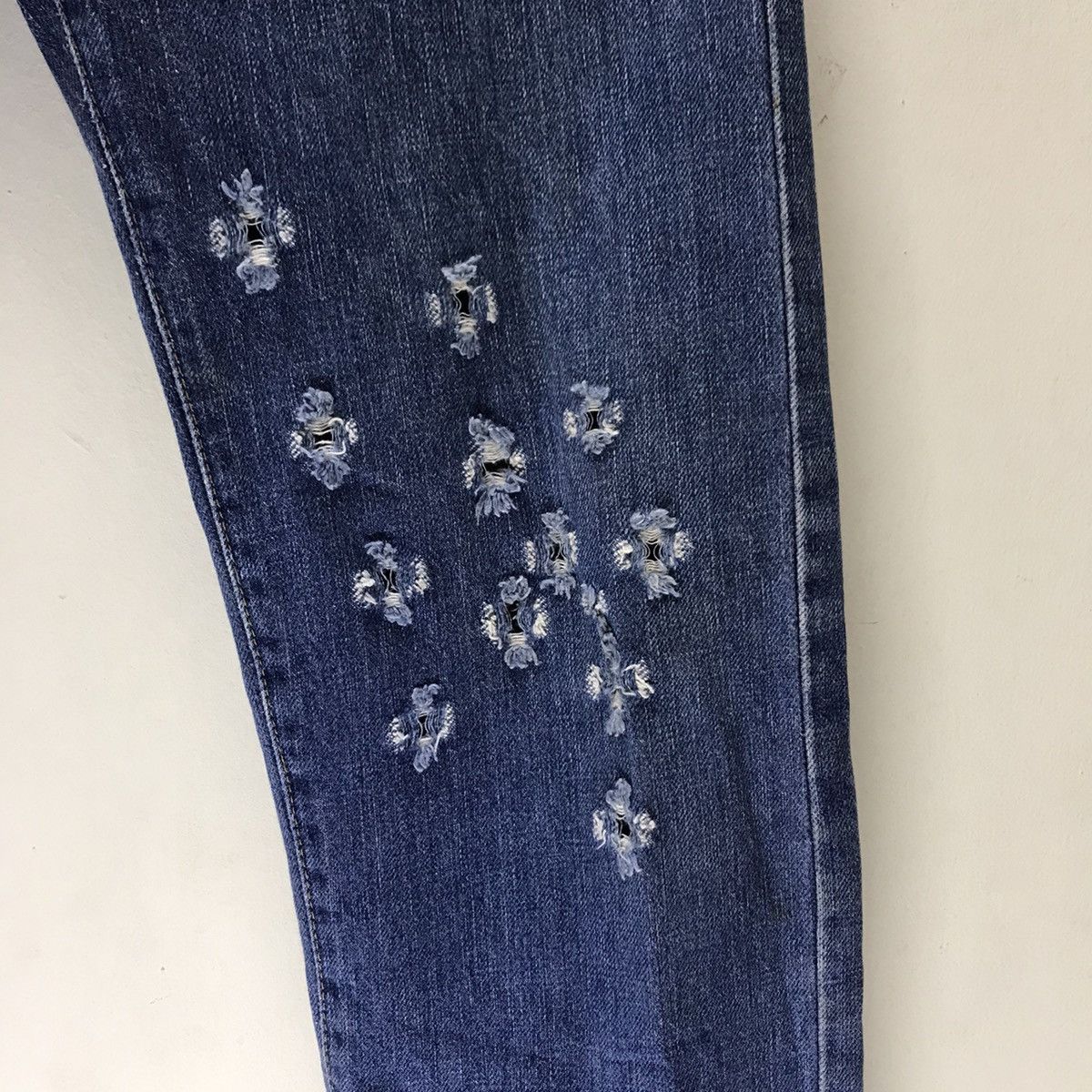 Vintage Levis Big E 502xx Distressed Denim Selvedge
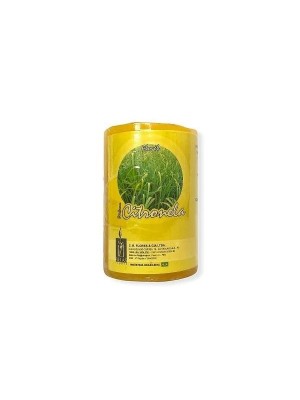 Vela Cilíndrica Perfumada Citronela 125g 5x7cm – Aroma Herbal Repelente, Longa Duração e Ideal para Ambientes Internos e Externos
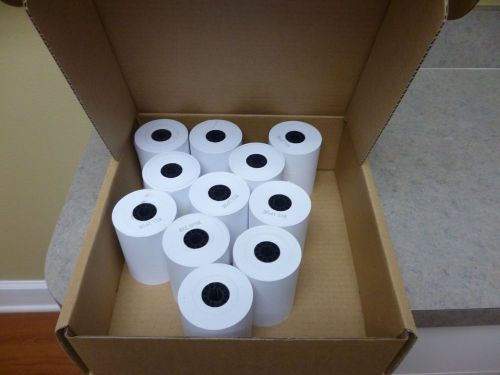 2 1/4 x 85 Thermal Paper (11 Rolls) Verifone VX510 3730 3730LE  Omni 5100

● **BRIEF**: Please retype the whole listing above word for word and drop the pictures.

● **SOLVED EXERCISE**:
 Vintage Levis Big E 502xx Distressed Denim Selvedge
 Vela Cilíndrica Perfumada Citronela 125g 5x7cm – Aroma Herbal Repelente, Longa Duração e Ideal para Ambientes Internos e Externos
 2 1/4 x 85 Thermal Paper (11 Rolls) Verifone VX510 3730 3730LE  Omni 5100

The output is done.